» **Work order**
Return every line below as is, leaving out the pictures.

(Data items)
Segment Open

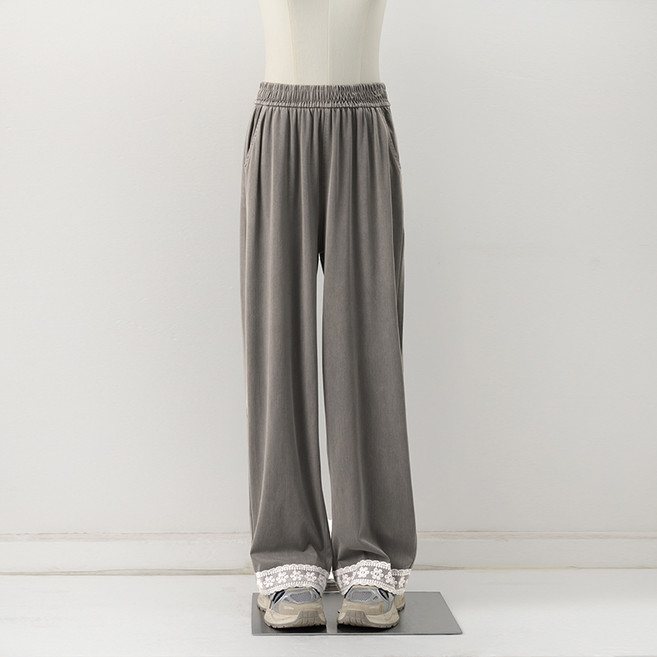 여성 봄 여름 패치 레이스 수술 데님 팬츠 하이웨스트 일자 와이드 팬츠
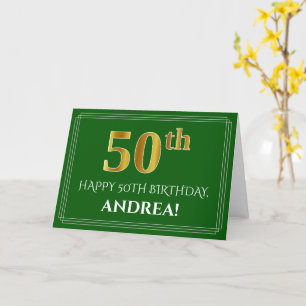 Cartão Elegante Faux Dourado visual 50º Aniversário, Nome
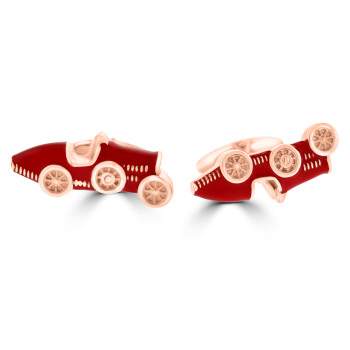 Sterling Silver and Red Enamel Rose Plated Cufflinks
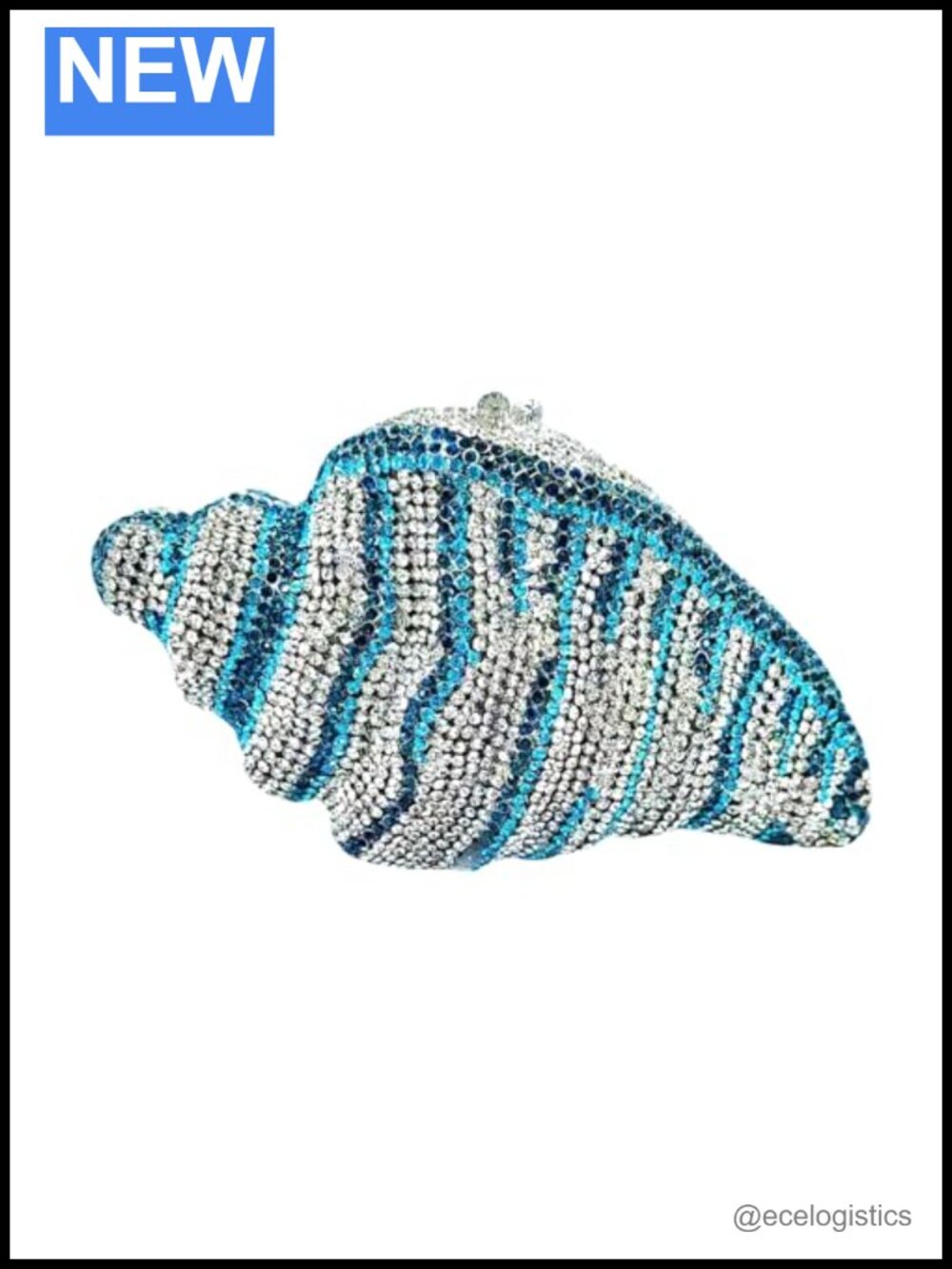 Conch Shell Rhinestone Clutch Purse Crystal Evening Bag Women's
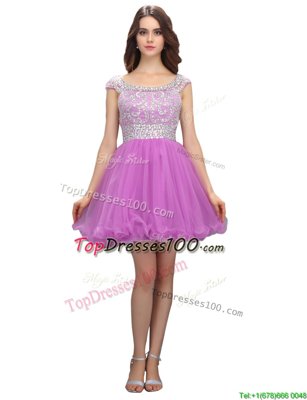 Lilac Square Zipper Beading Cocktail Dresses Cap Sleeves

Segment Closed

» **Response**
 여성 봄 여름 패치 레이스 수술 데님 팬츠 하이웨스트 일자 와이드 팬츠
 Cartão Elegante Faux Dourado visual 50º Aniversário, Nome
 Sterling Silver and Red Enamel Rose Plated Cufflinks
 Conch Shell Rhinestone Clutch Purse Crystal Evening Bag Women's
 Lilac Square Zipper Beading Cocktail Dresses Cap Sleeves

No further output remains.